А теперь пойдет в кабинет и будет думать, правильно сказал или нет. Но виду не покажет. Он никогда не сомневается. И больные, и мы, врачи, ему верим за то.
Ну что ж, помогай нам бог! Нам? Нам.
Под каждым зажимом перевязываю ниткой. Разрез — секунда, полсекунды. Вязать — три-пять секунд.
Отделили толстую кишку. Теперь желудок.
А теперь шить, шить, шить.
Разрез — секунда. Шить — пять-семь минут.
В операционной ужасный шум. Что они шумят? Когда операция обычна, типична, никакой шум не беспокоит. А когда все на натянутом нерве... Говорят, в новом институте музыка в операционной играет. Когда операция идет нормально — все довольны. Чуть что не ладится — «Выключите!..»
Так и я сейчас. Почему шумят? Нельзя ли потише?
А потише нельзя.
Слышу дискуссию.
— А холецистит старый.
— Да, бабке за шестьдесят. Отказывается от операции пока.
— Молодец он, ваш холецистит, что отказывается. А то столы все заняты. Прободная язва поступила. Негде оперировать. Холецистит может и подождать, а язва нет.
— А язва у вас какая? Молодая? Старая?
— Молодая. Парень. Двадцать девять лет.
— Тяжелая?
— Не знаю, как в животе. А так — обычная.
— Кто лечить ее собрался? — Шеф решил руку правую потешить.
Шеф уже моется. Мне видно. Плещет в тазиках руками.
Лезут в голову какие-то дурацкие мысли:
«На операциях руки небрезгливые. А вот курицу взять руками за столом — противно».
Лезут в уши обсуждения и дебаты. Я стараюсь не слушать, но слова долетают. Два стола для одной операционной много. Один стол на один зал. Я не хочу отвлекаться!
У меня уже весь желудок выделен.
Анализ: сахара стало меньше нормы. Вот те фокус!
Давление, пульс — все в порядке. Впрочем, не мое дело. Пусть анестезиологи заботятся.
Самое тяжелое, сложное — сшиваю пищевод с кишкой. Швов двадцать — тридцать.
Я не хочу отвлекаться.
Между мной и вторым столом опустился ватный занавес. Звуки, доносящиеся оттуда, примяли лишь осязаемую, но абстрактную форму воздушных колебаний. Смысл их пропал.
Я шью пищевод!
Ну вот. Теперь бы передохнуть. Надо бы каждый час операции кофе нам давать. А уже два часа прошло. Подвели бы трубочку ко рту. Пососал... и дальше. Да хоть бы после операции кофейку! Нет таких правил.
На том столе пронесся шелест облегчения. Ведь возможность ляпа — она всегда есть.
На том столе действительно язва оказалась... Резекцию желудка делают. Вообще-то всякие фокусы бывают. Казалось бы, диагноз абсолютно ясен. А в живот влезешь... а там ничего. Ошибка диагностики или, как говорят у нас, «козья морда».
Экзюпери писал, что литература только тогда литература, когда основана на реальном столкновении с жизнью. А хирургия тем более. А когда нереальный конфликт — имеем «козью морду». На душе тогда муторно и заплевано. При чем тут литература? А просто сегодня читал. Как во сне. Вся жизнь последних часов и дней трансформируется во сне. Так и на операции. Чего только не всплывет! Хорошее не всплывает. Дешевый звон.
Шьем кишки. А они перистальтируют, двигаются.
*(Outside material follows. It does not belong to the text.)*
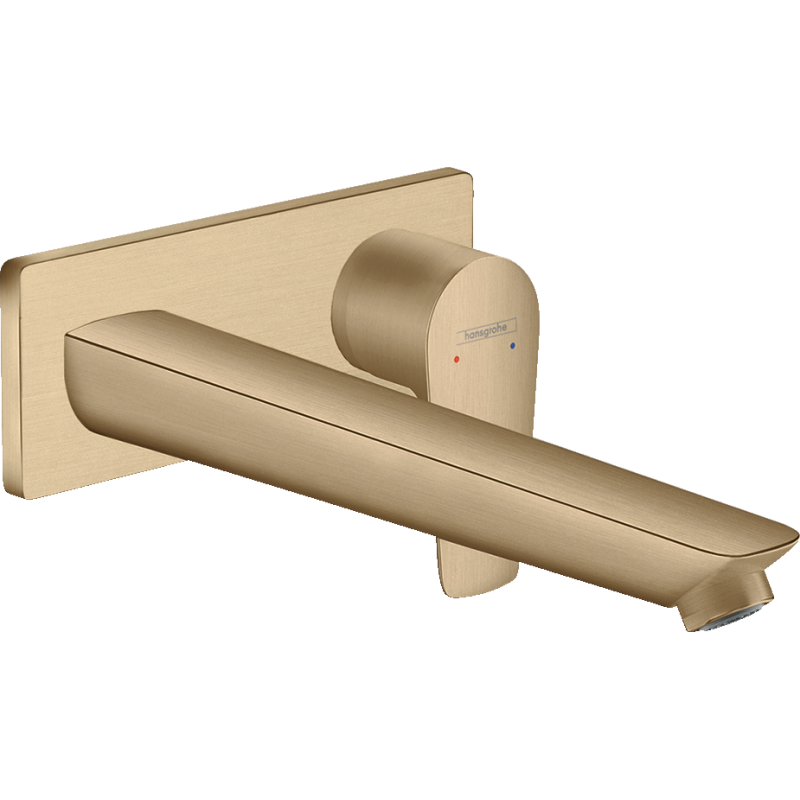Jednouchwytowa bateria umywalkowa z wylewką 22,5 cm, ścienna, podtynkowa Brąz Szczotkowany Talis E HANSGROHE 71734140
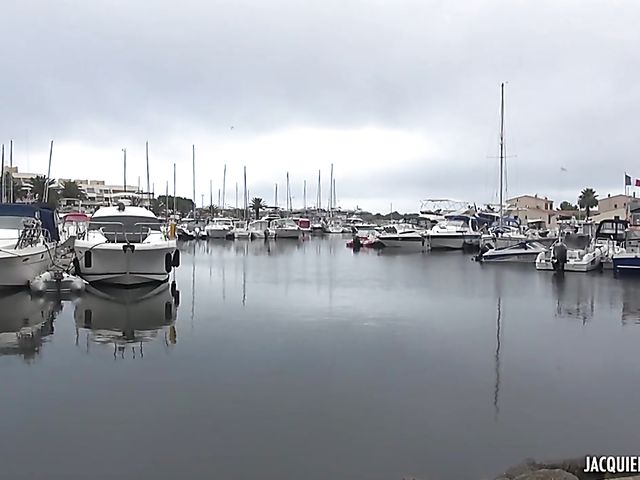 Poopea - Busty asian anal and DP with two french guys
Хорошая рифма: перистальтика — перестаньте-ка. Не перестану. Еще надо сшить тонкие кишки. А потом толстые кишки. Теперь осталось только шить. Резать нечего.
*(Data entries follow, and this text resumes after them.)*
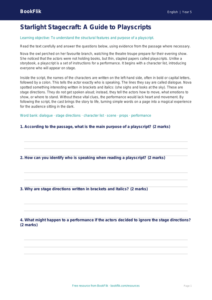 Free Playscripts Comprehension | Year 5 Core | BookFlik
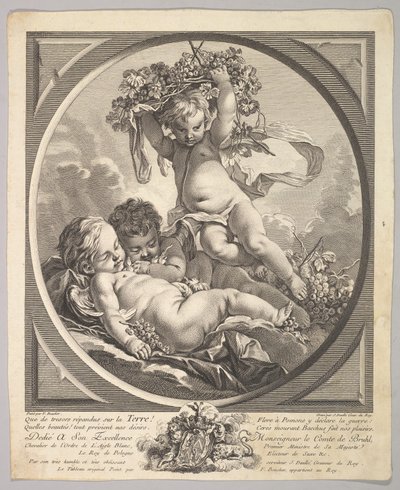 الأرض ، كاليفورنيا. 1748. بواسطة جان دول
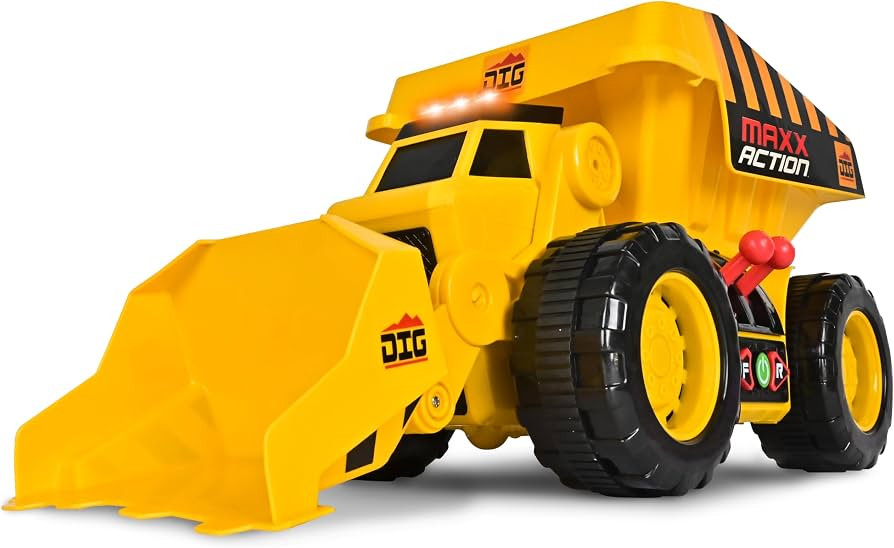 Maxx Action 19'’ 2-N-1 Motorized Dig Rig – Excavator and Dump Truck Toy with Joystick Control... | Amazon (US)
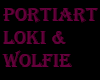 Portairt Loki & Wolfie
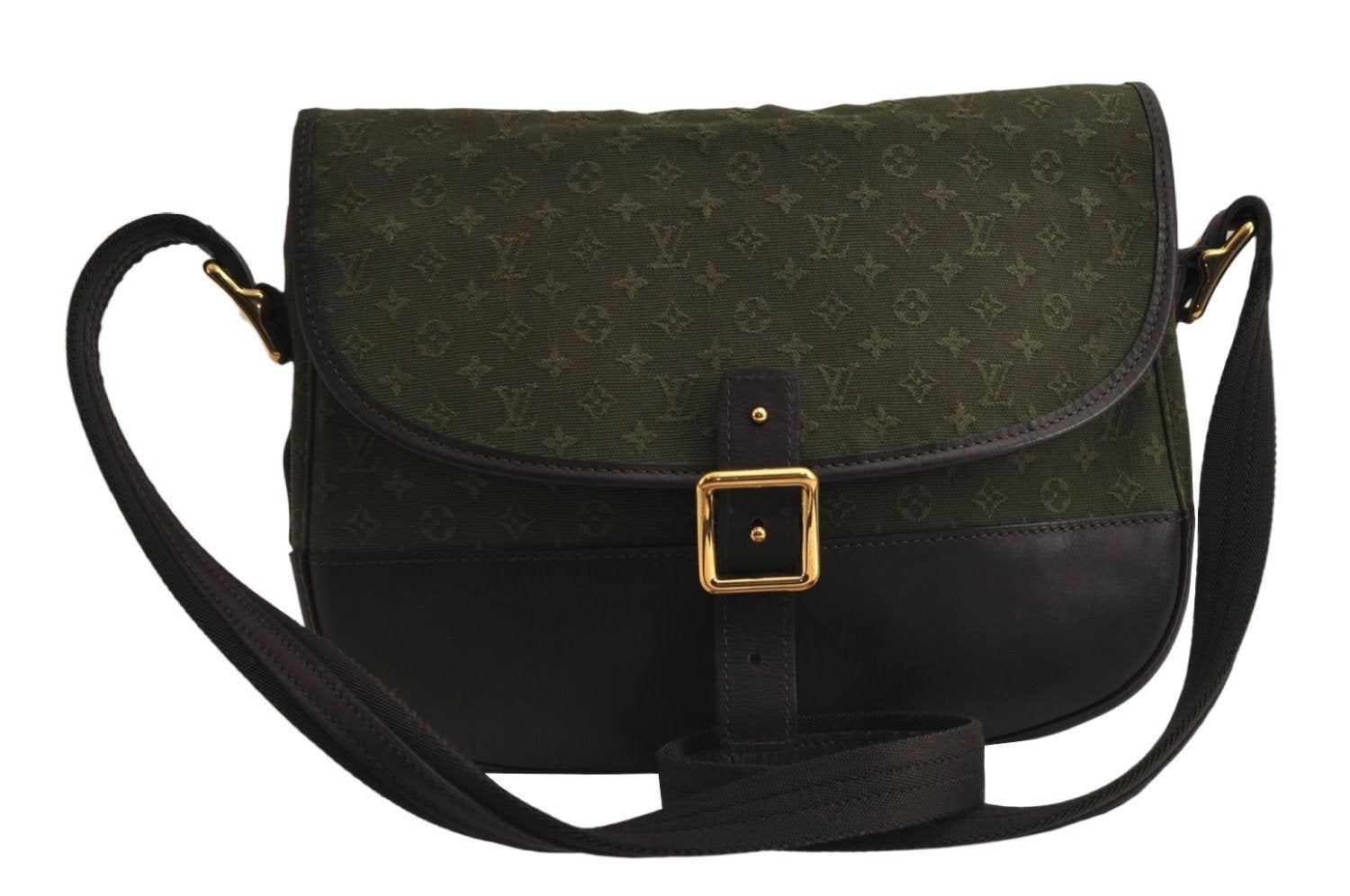 Auth Louis Vuitton Monogram Mini Belanger Shoulder Cross Bag M92673 Green 9987J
Анестезиологи там чего-то зашебуршились. Что у них там? Впрочем, это не моя забота. Их дело.
Сахар вроде больше не брали. Может, давление упало? Кровь переливают. Пусть покрутятся. У меня своих дел хватает.
— Ну как она там?
— Все в порядке. Делай спокойно.
И опять я шью, шью, шью...
Вообще-то надо бы все автоматами шить. И надежно. И всякий сможет. Не надо виртуозничать, чтобы сшить. Автоматов этих еще мало, но они наступают. А мне и хочется и не хочется. Ведь я умею шить. А так трудно этому было научиться! Фотография точнее живописи. Однако художники все-таки рисуют. И все же мы перейдем на автоматы. Кому нужны виртуозы? Нужно хорошо оперировать. Швы должны держаться. Кто б ни шил.
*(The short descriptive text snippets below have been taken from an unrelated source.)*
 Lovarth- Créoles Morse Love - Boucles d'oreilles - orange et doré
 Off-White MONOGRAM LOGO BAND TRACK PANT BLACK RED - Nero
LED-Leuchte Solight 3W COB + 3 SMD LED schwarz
Говорят, символ хирурга — скальпель. Ерунда. Иголка с ниткой — сегодня. Сшивающий аппарат — завтра.
Кишки сшил. Все в порядке. Вытер живот изнутри. Или, как пишут в истории болезни, брюшная полость осушена.
Можно зашивать живот.
Всё!
Кончено!
Лариса Петровна молодец! Хорошо перенесла операцию!
Сигарета хорошо удерживается во рту и плохо пальцами.
А кончена всего лишь операция.
Вот как теперь?! Сбалансируем мы ее сахар? Даже если компенсация диабета останется, ткани все равно могут не срастаться на этом сахарном фоне.
Будем балансировать: инсулин — глюкоза, глюкоза — инсулин; кровь — моча, моча — кровь.